[[ Records provided, beginning ]]
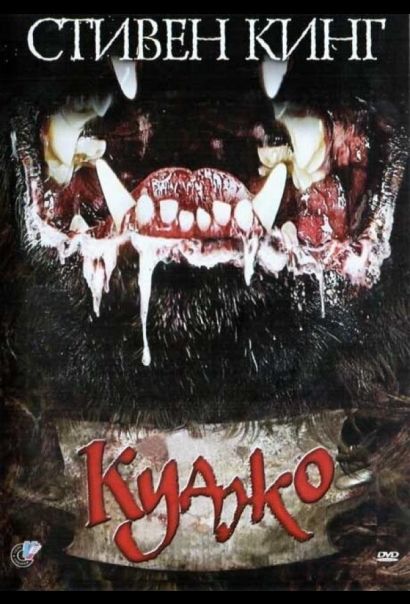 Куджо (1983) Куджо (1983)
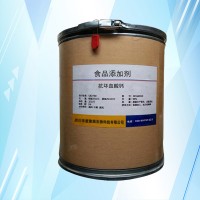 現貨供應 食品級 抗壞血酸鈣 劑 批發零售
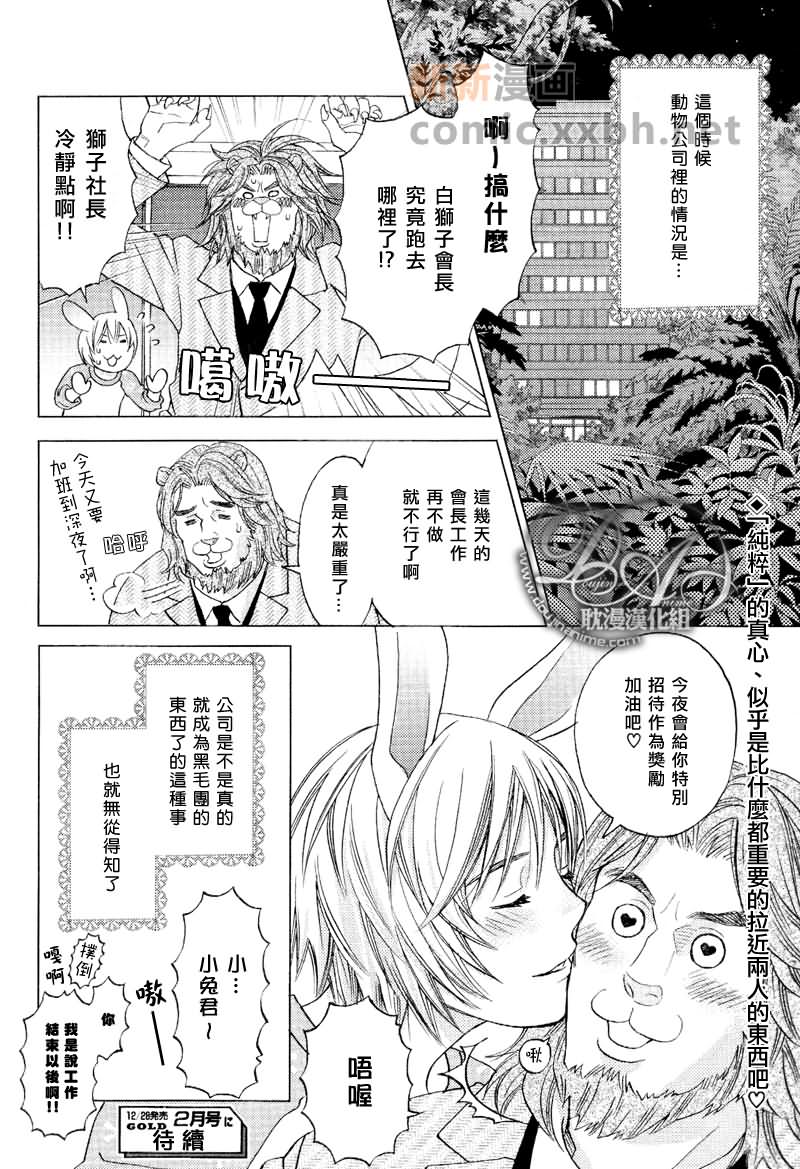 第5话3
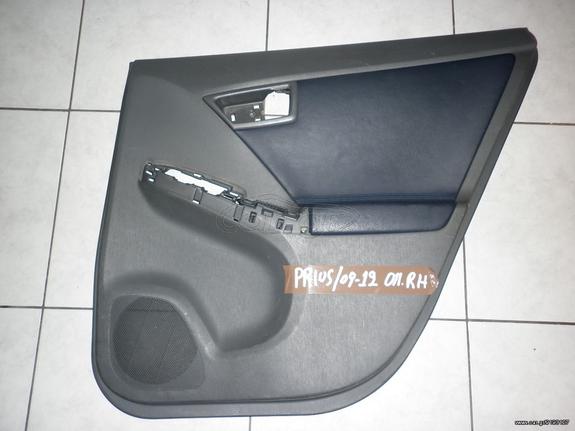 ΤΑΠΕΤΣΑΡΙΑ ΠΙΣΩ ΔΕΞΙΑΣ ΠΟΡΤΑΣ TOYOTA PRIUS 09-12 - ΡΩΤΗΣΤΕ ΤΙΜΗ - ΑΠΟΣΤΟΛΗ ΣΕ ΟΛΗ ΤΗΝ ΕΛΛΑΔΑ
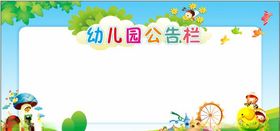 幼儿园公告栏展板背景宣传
[[ Records provided, end ]]
**Exercise details:** If pictures appear in the data, do not print them; repeat the rest exactly.

**Answer space:**
 Куджо (1983) Куджо (1983)
 現貨供應 食品級 抗壞血酸鈣 劑 批發零售
 第5话3
 ΤΑΠΕΤΣΑΡΙΑ ΠΙΣΩ ΔΕΞΙΑΣ ΠΟΡΤΑΣ TOYOTA PRIUS 09-12 - ΡΩΤΗΣΤΕ ΤΙΜΗ - ΑΠΟΣΤΟΛΗ ΣΕ ΟΛΗ ΤΗΝ ΕΛΛΑΔΑ
 幼儿园公告栏展板背景宣传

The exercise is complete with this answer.